Mention the African walking safari to anyone in the know and your first port of call will be Zambia, where in the latter half of the twentieth century the likes of Norman Carr and Robin Pope helped (re)pioneer a method of wild travel usurped by the motor car, particularly the 4X4.
Their philosophy, and one that rings true for walkers the world round, was and remains a simple and brilliant one: walking the wilderness, at a pace much more suited to the process of discovery, has the effect of reducing almost entirely the gap between the watcher and the watched, so much so that oppositional categories of this nature are wonderfully complicated by the thrill of being out in the wild, an animal among animals.
While almost every lodge not compromised by park status regulations will offer guided walks as one of many an activity, the luxury walking safari we are promoting here is the kind that takes as read that seeing the wild on foot is the traveller’s primary focus. To this end, there are two types of walking safari: one that operates from a single base; the other that travels from A to B, with stops in between. Zambia’s South Luangwa is home to both, as is Botswana’s Okavango Delta, where programmes designed to capture the walking safari’s spirit and its knowhow are intelligent, exciting and genuinely life changing.
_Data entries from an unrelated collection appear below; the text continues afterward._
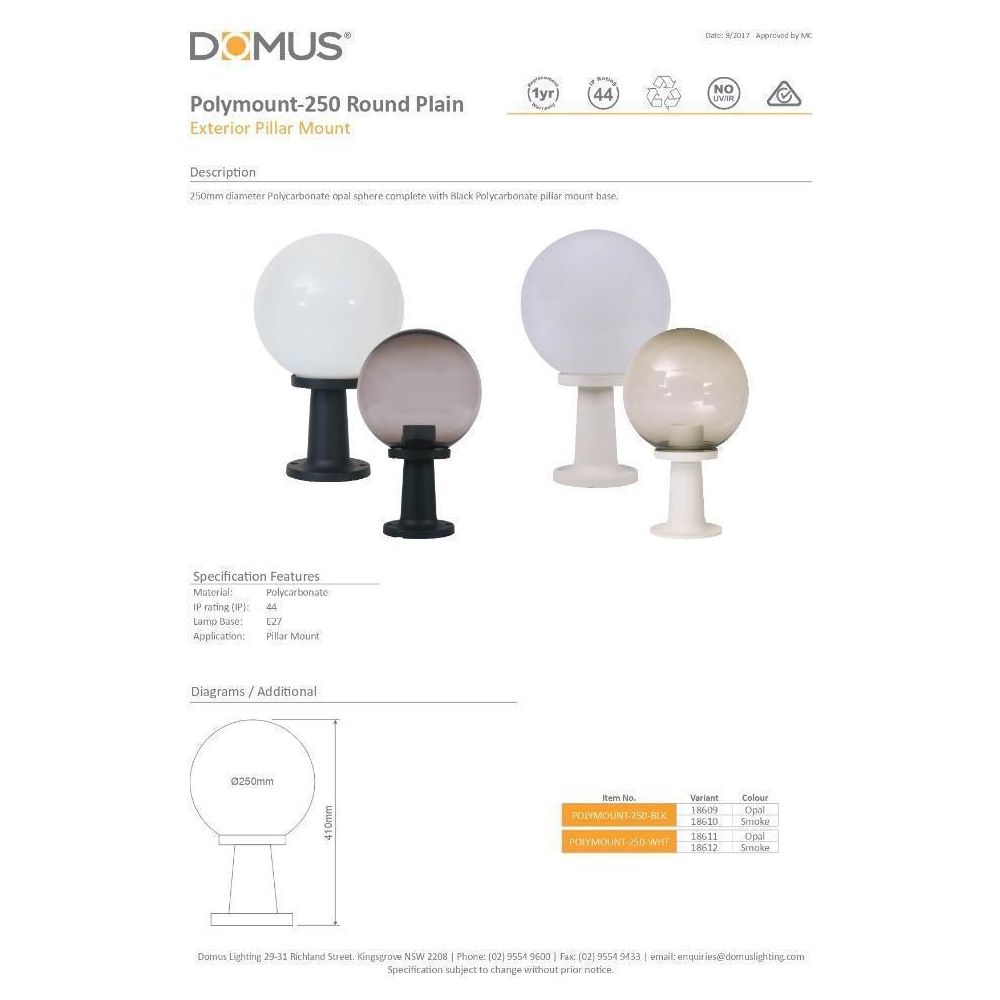 Domus POLYMOUNT - 250mm Polycarbonate Pillar Mount Light Black-Domus Lighting-Ozlighting.com.au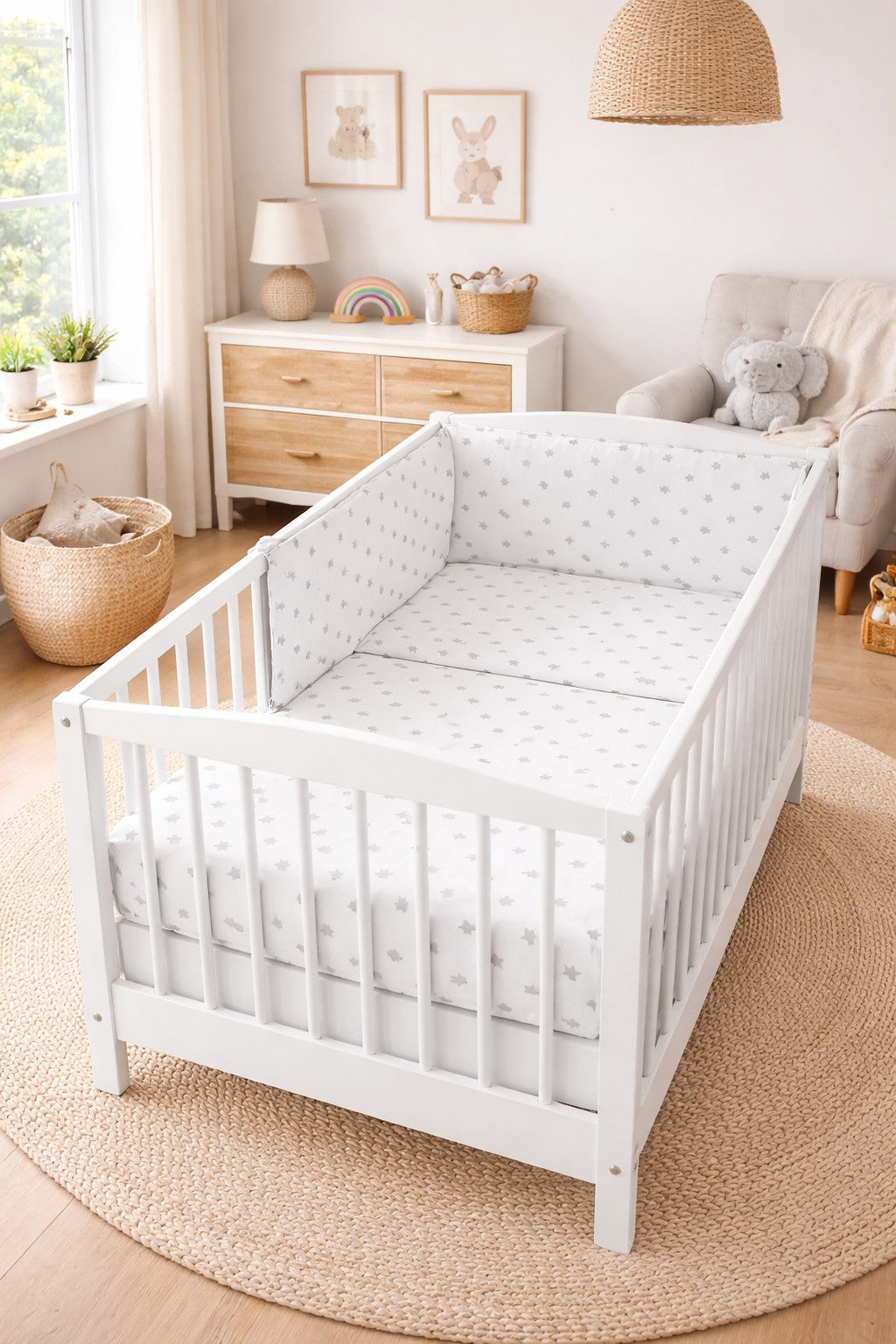 Baby 3Pc Bedding Set Pillow Duvet Bumper Fit Cotbed 140x70cm Small Grey Stars On White - MyHappy Baby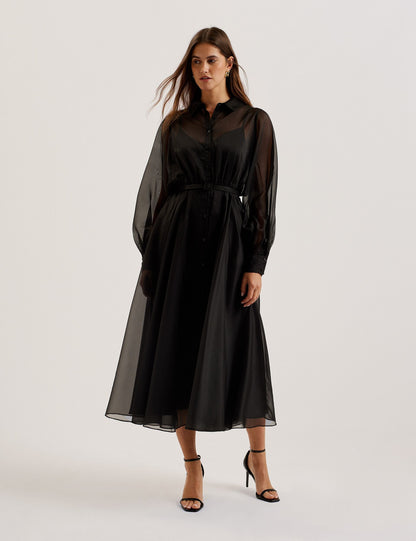 Ted Baker Gibara Organza Midi Shirt Dress With Belt Women's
Similar opportunities exist in all the countries on our portfolio – Tanzania’s the Selous is something else, as are the breathtaking vistas explored by the walking tours in either the Lalibela area or the Tigray mountains, while creative and beautifully thought through fly camping expeditions are beginning to spring up almost everywhere.
Please note that such is the wealth of opportunity in the walking safari department, programmes such as Kerr and Downey Young Explorers successfully cater for the wants and needs of young people – the potential good of this type of walking safari knows no bounds.